I think your idea for a "glossary" of acronyms for the site is an excellent one!  I'd be happy to post it on it's own  page and keep it updated, if you have the time and want to create it.  Ab

01/06 Hey Ab, just a note, this won't be too long, I promise!

6, College bound I am, what to study, eh, I'll figure that out in the 
next year or two. What's the 180 club (sorry but you got a young 
fire-pup here vice you old fire-dogs *grin*) ? 

Ab, Mellie referenced something about what you think it means to be a 
firefighter, I'd like to see that as well if'you don't mind.

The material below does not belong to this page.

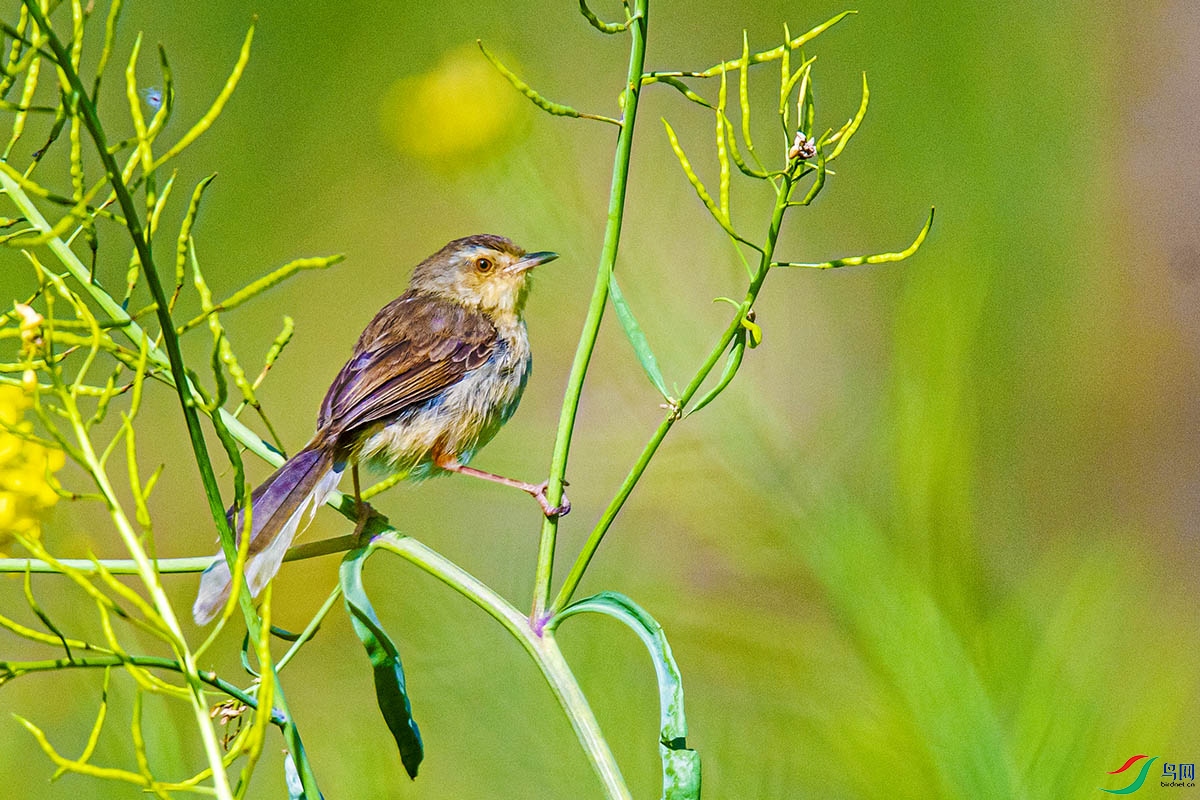DSC_0697.jpg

Well all, the gate's in, the signs are up, so our land hopefully 
won't be visited any more, still keeping an eye on our root fire 
tree. On a lighter note, I'll be spending a day in February planting 
500 Western Red Cedar trees, part of my Eagle Scout project to 
reforest an area of the local military base. Forestry sounds like a 
good major.. minor in journalism.. hey it sounds better all the time. 
(Yes I'm slightly crazy, I don't believe in working for money alone, 
more along the lines of the phrase 'Do what you love, the money will 
follow.' heh well, maybe.)

Thanks again Ab for the forum and the site, I'm learning with each 
post I read and each link I click. Also, thanks to all the wildland 
firefighters, for everything you do, wether you realize it or not.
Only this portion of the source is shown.